### What is required
When you reach the line holding "Tomás, el Tomate Rebelde Ttulo1", please begin to restate the lines word for word and continue through the last one in the material, excluding pictures.

### Information supplied
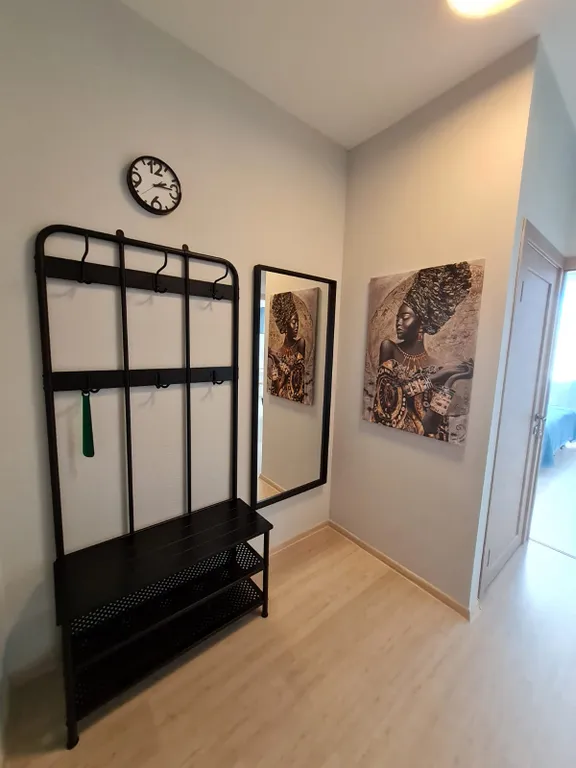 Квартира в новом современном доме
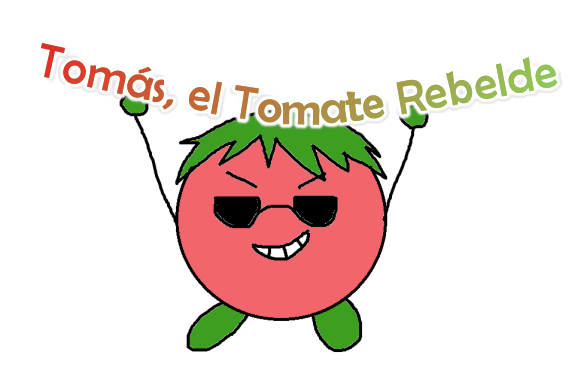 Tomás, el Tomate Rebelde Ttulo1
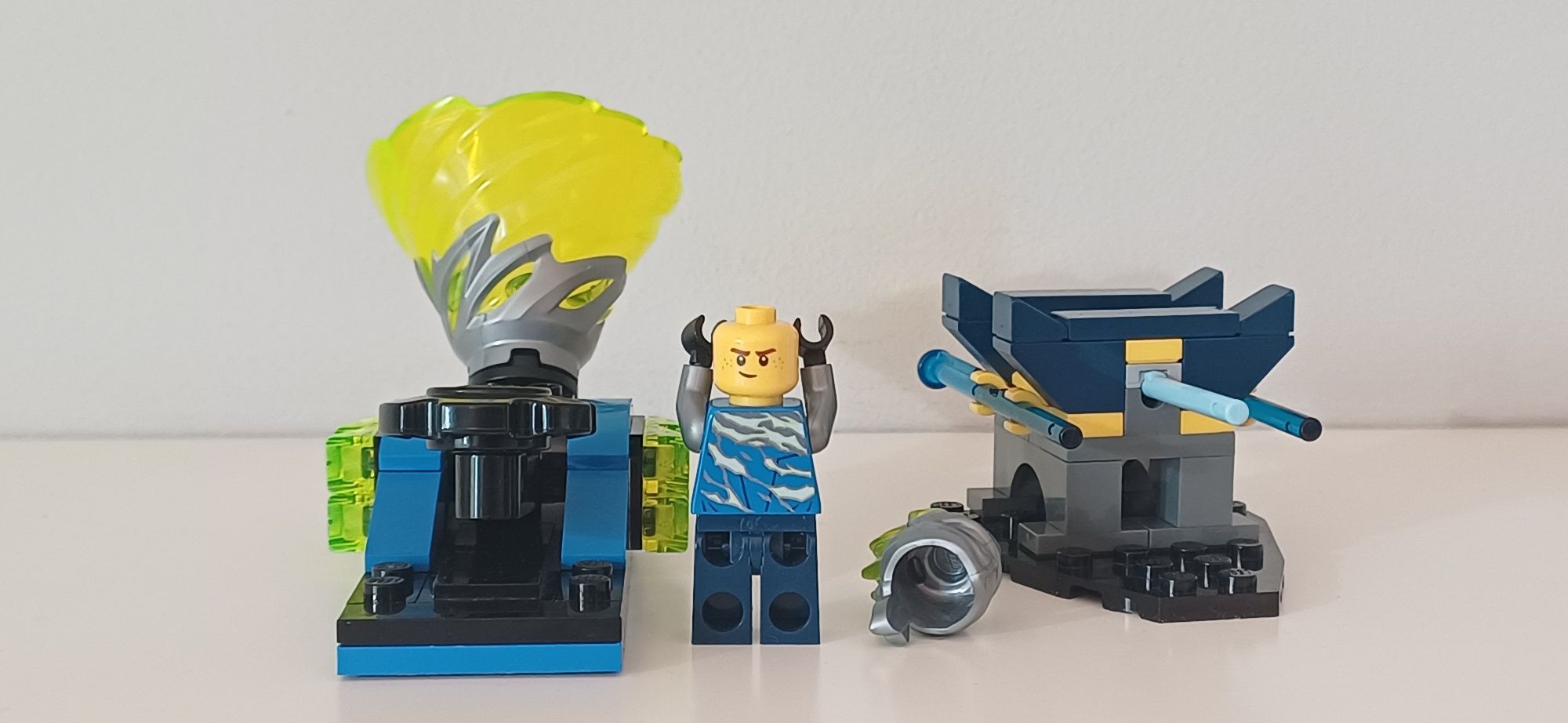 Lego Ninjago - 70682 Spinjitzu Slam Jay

### Exercise result
 Tomás, el Tomate Rebelde Ttulo1
 Lego Ninjago - 70682 Spinjitzu Slam Jay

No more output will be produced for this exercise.